Donald Trump’s executive order on social media is less about the policy the order tries to put into place than it is about intimidating social media companies into giving him favorable treatment—and if it was about the actual policy, it might backlash on Trump himself. Trump’s order tries to strip social media companies of some liability protections they currently have for the content posted by their users. Users like Donald Trump.
“Ironically, Donald Trump is a big beneficiary of Section 230,” American Civil Liberties Union lawyer Kate Ruane told The New York Times. “If platforms were not immune under the law, then they would not risk the legal liability that could come with hosting Donald Trump’s lies, defamation and threats.”
Trump’s move against social media companies comes precisely because Twitter appended fact-checks to some of his blatant lies about mail-in voting, but if Twitter or Facebook faced legal liability because of things he posted, like falsely accusing Joe Scarborough of murder, the penalties applied to his tweets might go beyond fact checking.
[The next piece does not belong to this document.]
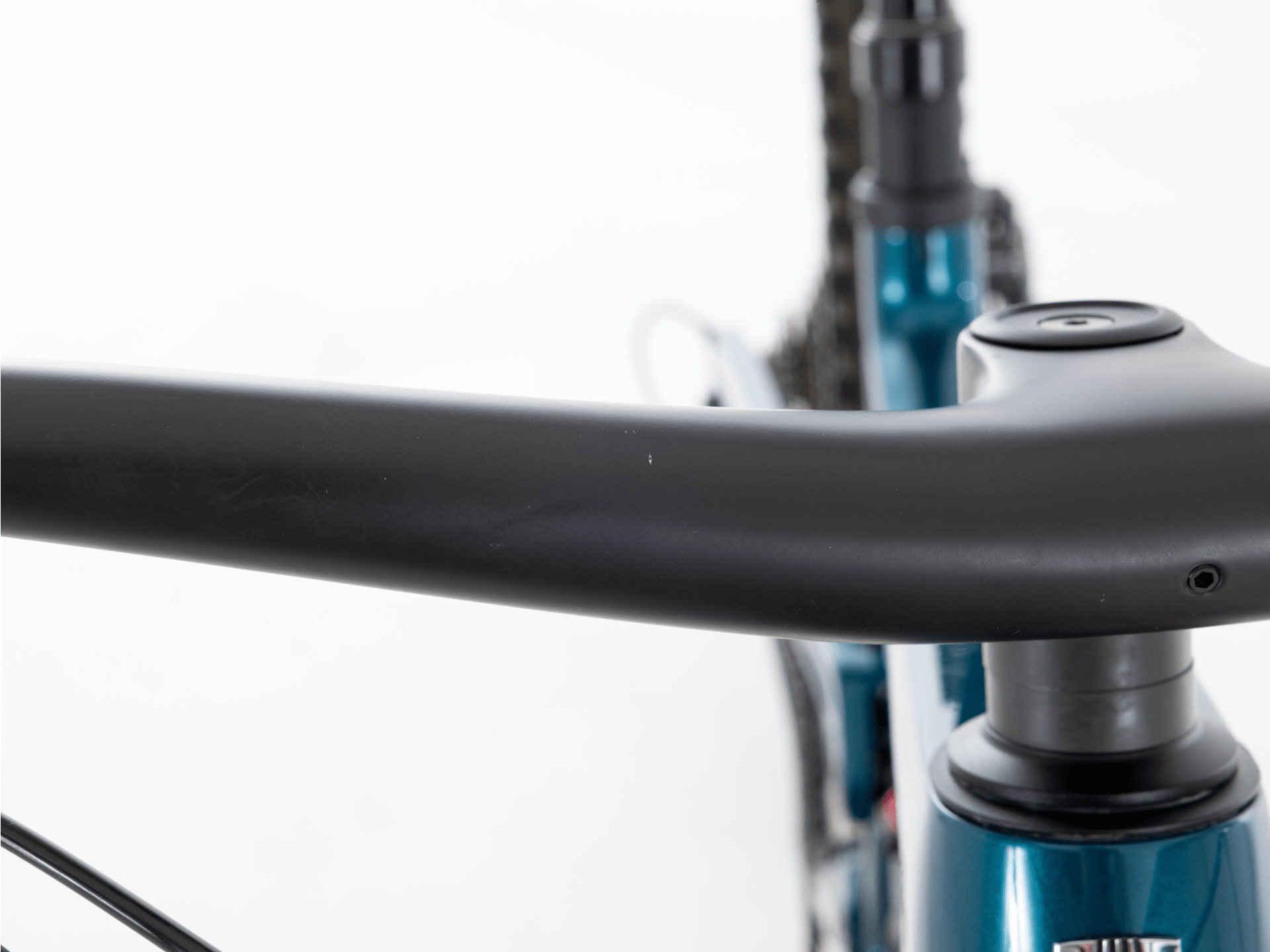 Fuel EX 9.8 XT Gen 6 - 2024, Medium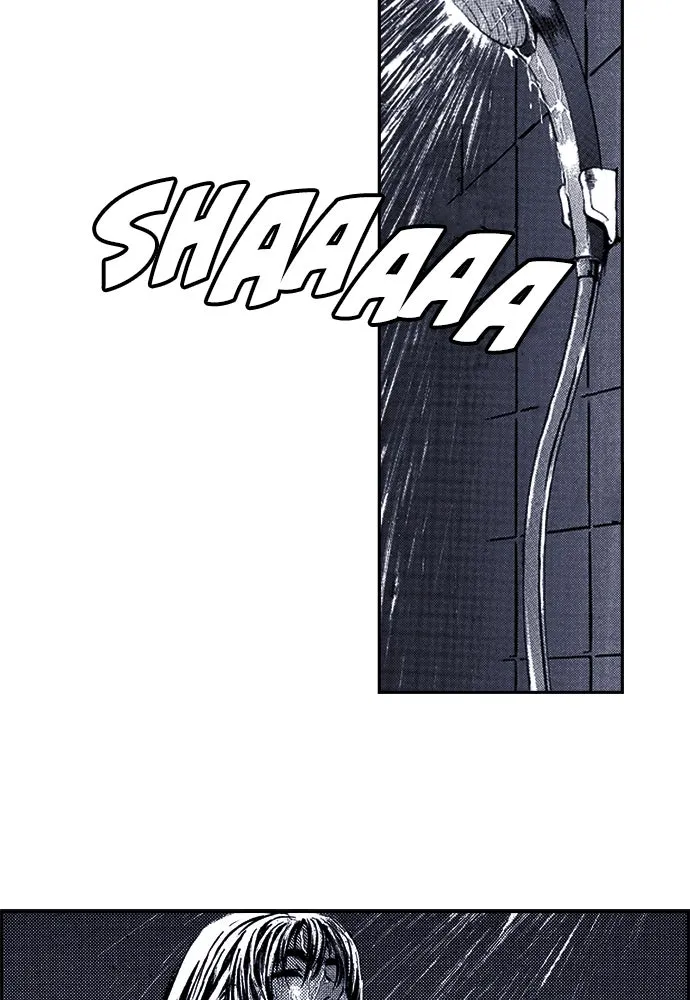 Island Chapter 4 page 21 -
But again, that’s not the point.
“The issue I have and I think a lot of people are starting to realize is the executive order doesn’t need to be legally enforceable to still be a threat to these companies,” Jeffrey Westling, a technology and innovation policy fellow at R Street Institute, told the Times. “The companies will likely win any challenge, but no one wants to go through litigation. It becomes a cost-benefit analysis of, ‘Is it worth it to put a fact check the next time the president puts a false tweet out there?’”
Trump wants that answer to be no, it’s not worth it. And a well-publicized campaign against social media companies has the side benefit of encouraging his supporters’ victim complex.